In 1901, the word ‘Bondmaid' was discovered missing from the Oxford English Dictionary. This is the story of the girl who stole it… Set when the women’s suffrage movement was at its height and the Great War loomed, The Dictionary of Lost Words reimagines the beginnings of the first Oxford Dictionary through the eyes of Esme, whose father is one of the compilers working on James Murray’s epic first edition of the iconic work.


Sheerwater by Leah Swann

Ava and her two young sons, Max and Teddy, are driving to their new home in Sheerwater, hopeful of making a fresh start in a new town, although Ava can’t but help keep looking over her shoulder. They’re almost at their destination when they witness a shocking accident – a light plane crashing in the field next to the road. Ava stops to help, but when she gets back to the car, she realises that somewhere, amongst the smoke, fire and confusion, her sons have gone missing…


Love After Love by Ingrid Persaud

Meet the Ramdin-Chetan family: forged through loneliness, broken by secrets, saved by love. Irrepressible Betty Ramdin, her shy son Solo and their marvellous lodger, Mr Chetan, form an unconventional household, happy in their differences. Happy, that is, until the night when a glass of rum, a heart to heart and a terrible truth explodes the family unit, driving them apart.


Little Fires Everywhere by Celeste Ng

In Shaker Heights, everything is meticulously planned - from the layout of the winding roads, to the colours of the houses, to the successful lives its residents will go on to lead. And no one embodies this spirit more than Elena Richardson, whose guiding principle is playing by the rules. Enter Mia Warren - an enigmatic artist and single mother- who arrives with her teenage daughter Pearl, and rents a house from the Richardsons. Suspicious of Mia and her motives, Elena is determined to uncover the secrets in Mia’s past. But her obsession will come at an unexpected and devastating cost.

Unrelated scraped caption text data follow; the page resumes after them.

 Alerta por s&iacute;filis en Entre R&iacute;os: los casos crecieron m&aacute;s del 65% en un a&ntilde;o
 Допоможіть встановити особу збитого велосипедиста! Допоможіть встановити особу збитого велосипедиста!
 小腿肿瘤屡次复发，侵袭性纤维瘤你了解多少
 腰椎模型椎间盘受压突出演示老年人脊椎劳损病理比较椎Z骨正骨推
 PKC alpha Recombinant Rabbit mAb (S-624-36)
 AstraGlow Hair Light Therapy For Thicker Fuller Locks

Humankind: A Hopeful History by Rutger Bregman

Human beings, we’re taught, are selfish and governed primarily by self-interest. This is a belief that unites the left and right, psychologists and philosophers, writers and historians. It drives the headlines that surround us and the laws that touch our lives. Here, Rutger Bregman looks back over the last 200,000 years of human history to reveal a counter-argument – one that it is realistic, as well as revolutionary. Humankind: A Hopeful History is a radical history of our innate capacity for kindness.


The Animals in That Country by Laura Jean McKay

Hard-drinking, foul-mouthed, and allergic to bullshit, Jean is not your usual grandma. She’s never been good at getting on with other humans, apart from her beloved granddaughter, Kimberly. Working as a guide in an outback wildlife park, Jean hears news of a strange pandemic sweeping the country that allows humans to understand the language of animals. As the flu progresses, the unstoppable voices become overwhelming, and many people begin to lose their minds, including Jean’s infected son, Lee. When he takes off with Kimberly, heading south, Jean feels the pull to follow her kin.

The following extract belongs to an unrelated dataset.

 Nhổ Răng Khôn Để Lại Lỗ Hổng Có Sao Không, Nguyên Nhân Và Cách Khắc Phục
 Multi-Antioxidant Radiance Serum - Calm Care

The Vanishing Half by Brit Bennett (available 9 June)

The Vignes twin sisters will always be identical. But after growing up together in a small, southern black community and running away at age sixteen, it’s not just the shape of their daily lives that is different as adults, it’s everything. Ten years later, one sister lives with her black daughter in the same southern town she once tried to escape. The other secretly passes for white, and her white husband knows nothing of her past. Still, even separated by so many miles and just as many lies, the fates of the twins remain intertwined. What will happen to the next generation, when their own daughters' story lines intersect?

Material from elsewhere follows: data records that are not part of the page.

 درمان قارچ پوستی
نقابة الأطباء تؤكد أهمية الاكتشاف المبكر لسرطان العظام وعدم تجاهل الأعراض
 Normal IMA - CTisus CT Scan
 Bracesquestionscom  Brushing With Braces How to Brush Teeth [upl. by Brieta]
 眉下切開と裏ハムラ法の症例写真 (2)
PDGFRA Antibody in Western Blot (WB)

A Year of Simple Family Food by Julia Busuttil Nishimura (available 26 August)

Okay, Julia Busuttil Nishimura’s cookbook is still a few months off but we’re so excited that we had to include it! Whether it’s a cooling coffee granita to start a summer’s day or the comfort of a hearty baked maccheroni in darkest winter, this is the kind of food you will want to share with your loved ones throughout the year. There are plenty of quick recipes and some that require more time to bubble away on the stove. This is generous, delicious food that the whole family will love, all year round.